| I am surprised to see you compare the OS X and Windows experiences. They seem completely dissimilar to me. With Windows, it seems like every little thing needs some complex installer procedure that splats files all over the system. Every program needs dozens of DLLs, and the only way to get rid of it is to run an uninstaller that hopefully remembers everything it created, and even more hopefully doesn't break anything else on your machine. With Mac OS X, there's generally no installation process at all. You download the app, and you put it where you want it to go, and then you run it, and that's it. Nothing goes anywhere and you don't need any special process to manage it. The experience I've had on Ubuntu is sort of midway between these.

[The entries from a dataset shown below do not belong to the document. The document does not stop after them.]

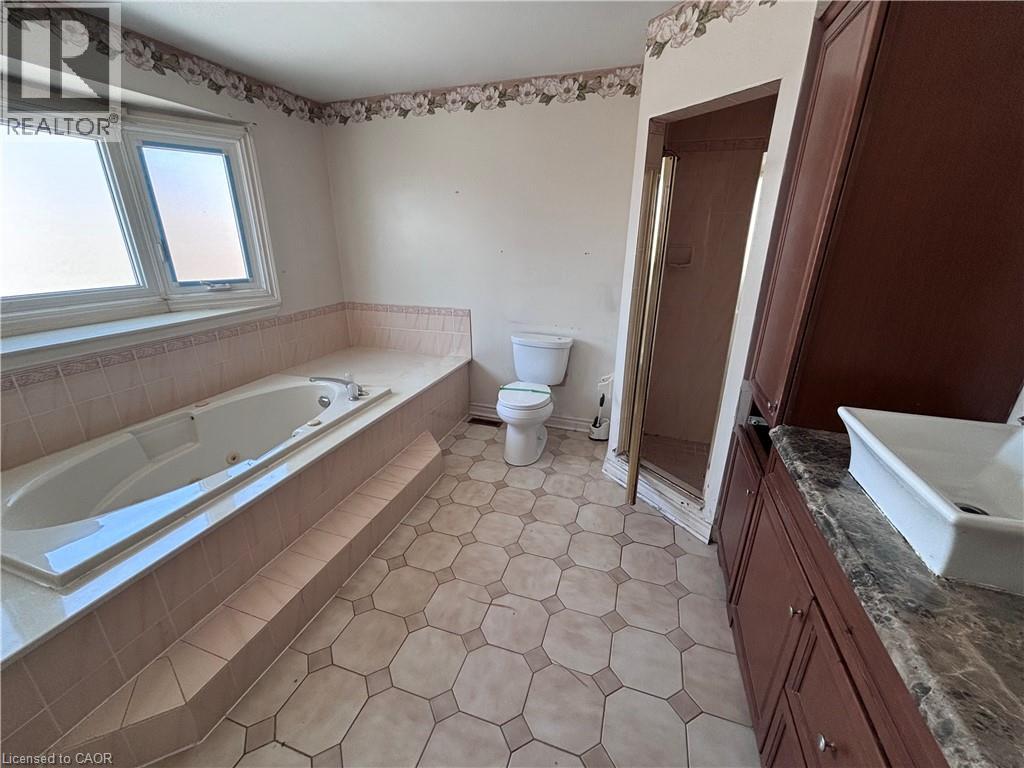 15 Strada Boulevard Property Photo 19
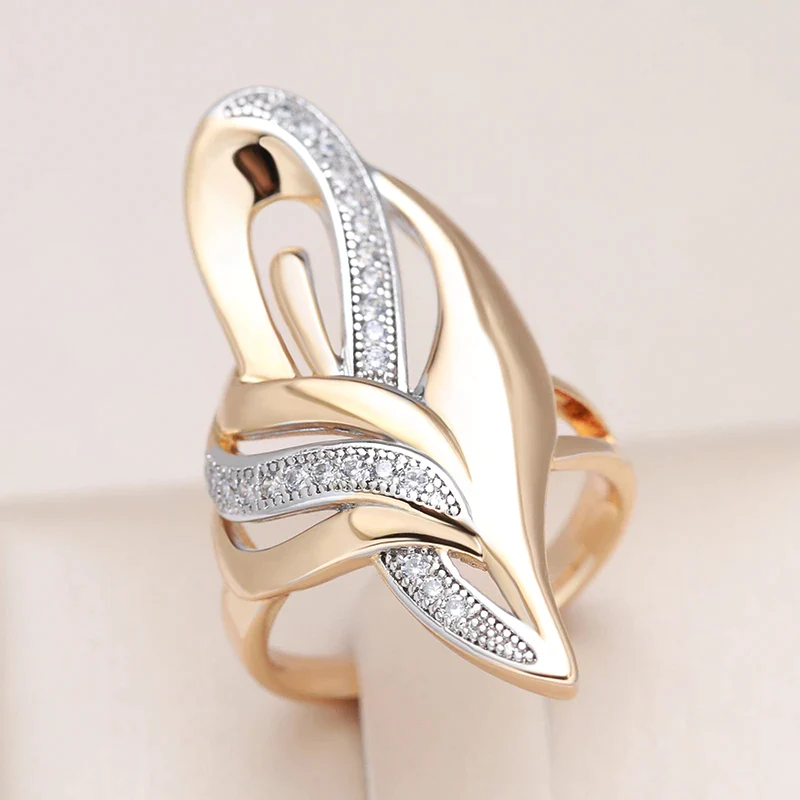Anillo elegante en punta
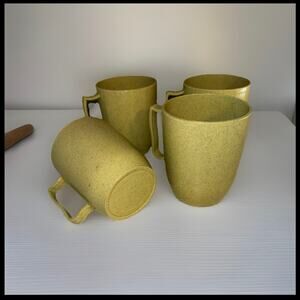 Vintage Gothamware Melamine Mug Set of 4, Avocado Green Speckled Cups, 1960s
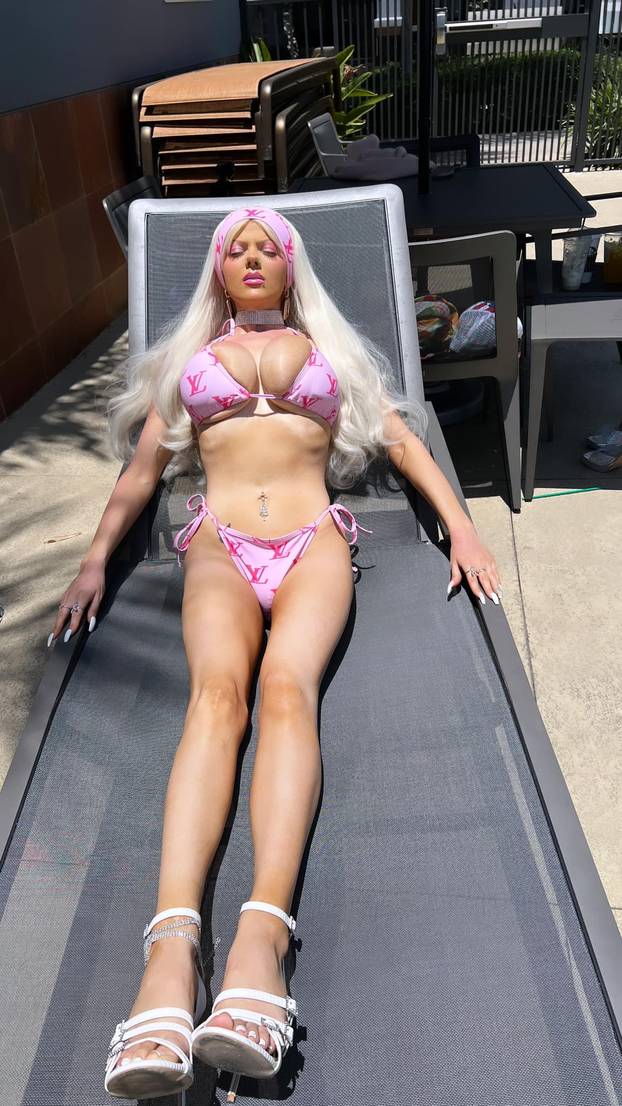 FOTO Britanska Barbie: Uložila sam više od 9000 € u izgled i operacije da izgledam mlađe!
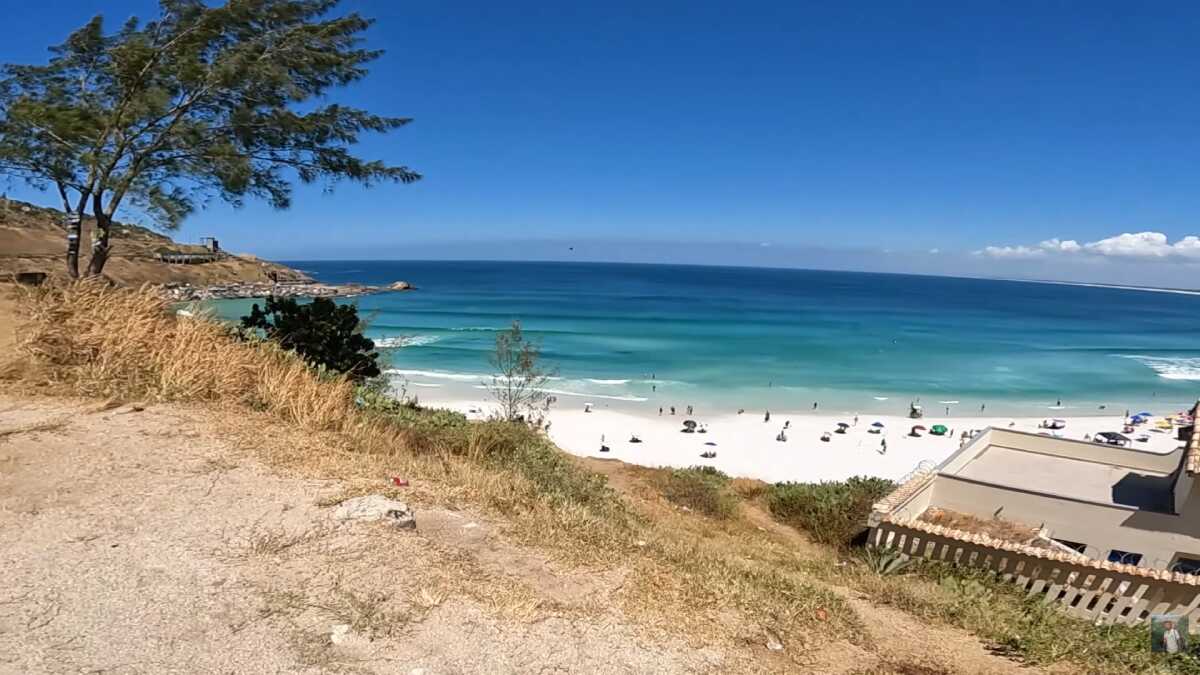 Praia Grande, em Arraial do Cabo, tem água mais fria do Brasil e atrai turistas com paisagem marcante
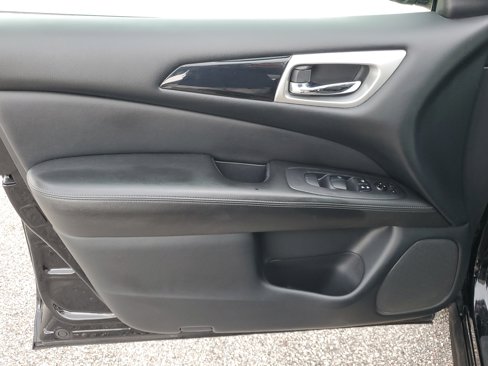 Used 2020 Nissan Pathfinder S image 14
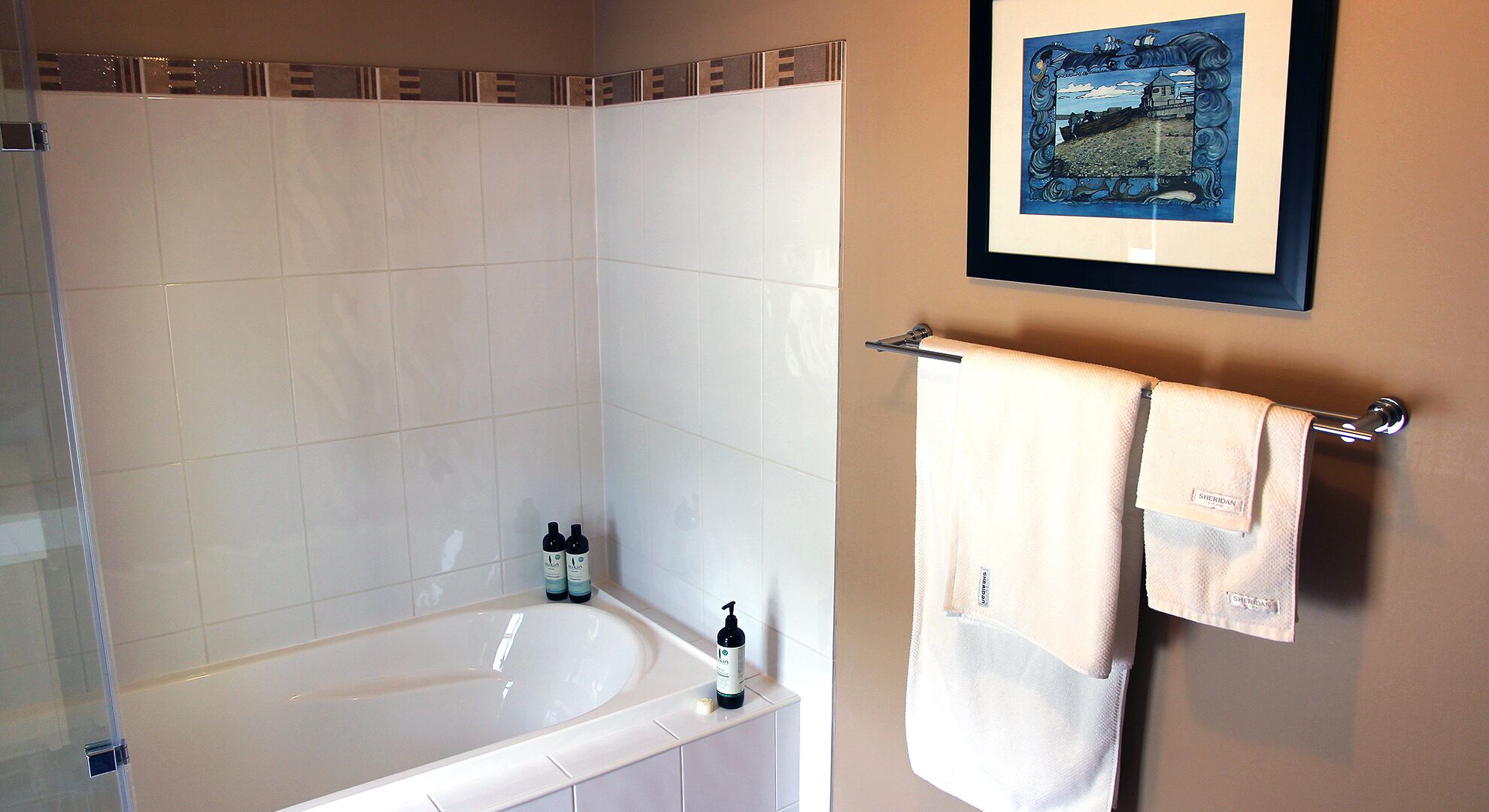 Ou+look BnB - Modern Luxury Apartment — image 14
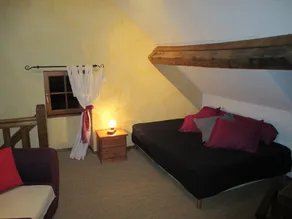 Holiday Home in Isenay near Lake and Forest - Image 5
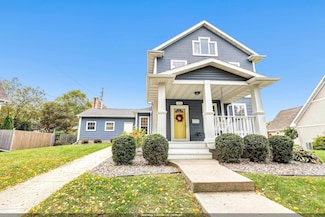 410 Cass St Unit 2, Green Bay, WI 54301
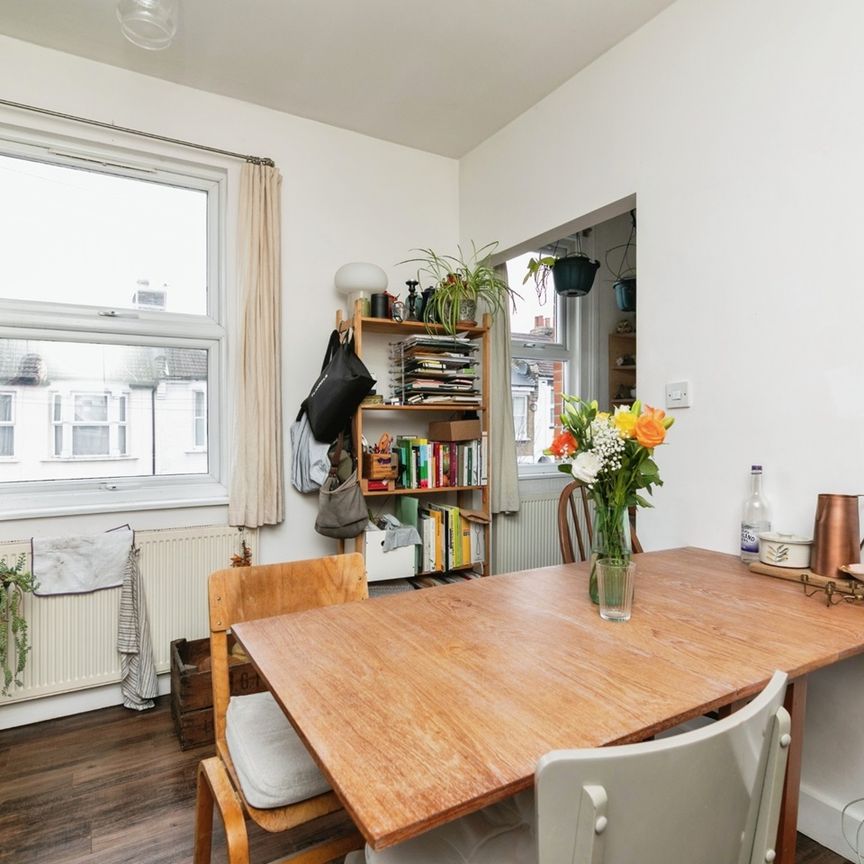 2 Bed Flat, Myrtle Road, E17 - Photo 1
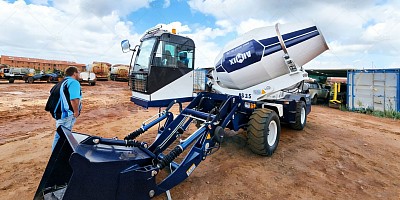self loading concrete mixer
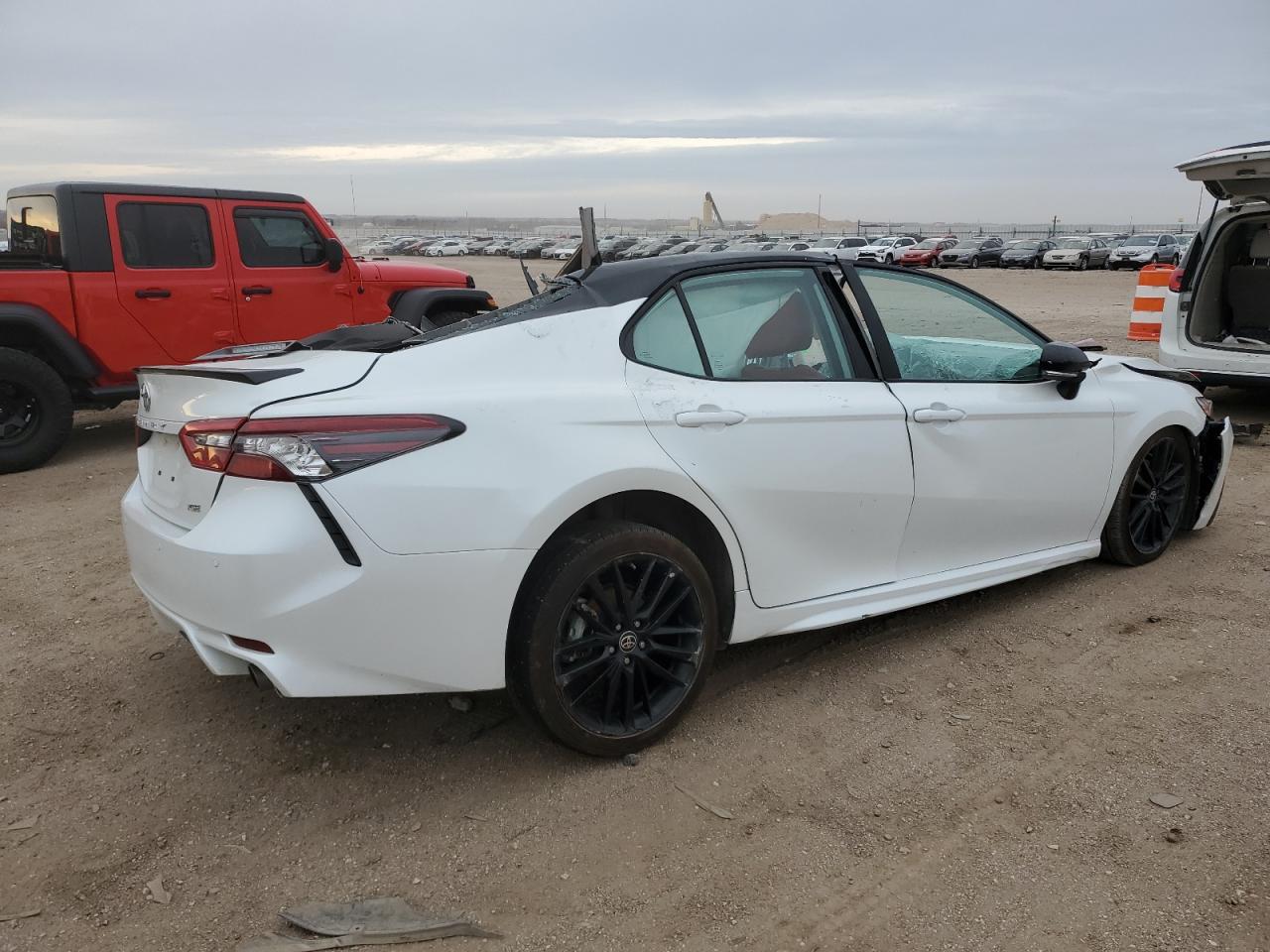 2022 TOYOTA CAMRY TRD VIN:4T1KZ1AK0NU067195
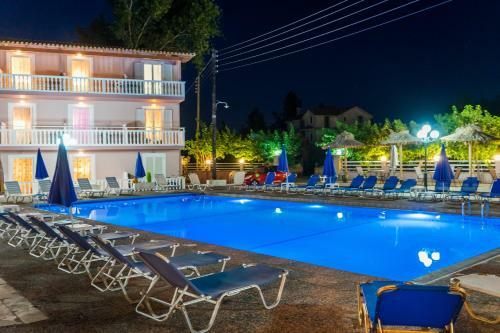 Relax Hotel
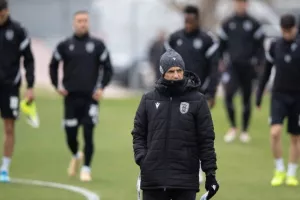 ΠΑΟΚ: Ατομικό ο Γιακουμάκης, θεραπεία για τέσσερις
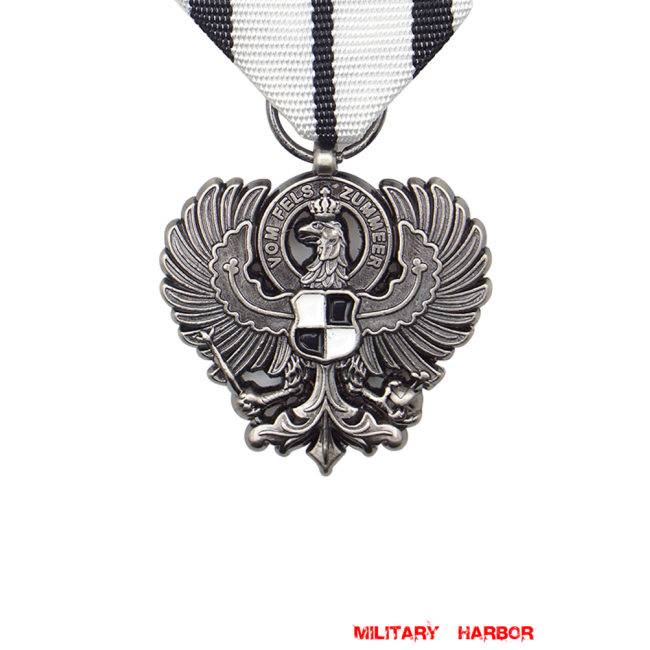 Inhaber-Eagle Order of Hohenzollern WW2 german medal,SS insignia,Imperial German badge,german badge,NSDAP party badge,german medals WWII,german insignia,WW2 german medals,WW2 medals,WW2 order,german order,German Political and Party Awards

There's a complex installation process, and everything has to deal with it, and shit gets plastered all over your machine and there's no way you can keep track of it all, but at least things generally mostly work most of the time. But really: why manage complexity when you can do away with it? |
You're speaking of apt/packaging like it's a bad thing, when it's awesome. Want to download a new OSX or Win app? Open your browser, hunt it down, in the case of Win, figure out if you can trust the site, download it, open the downloaded item and do the install dance, and then have it stay sessile on your system, never updated... unless it has its own phone-home system - and now you have more crap on your system.
Want to install a package with package management? It takes literally seconds plus download time. Package management systems are all about doing away with managing complexity.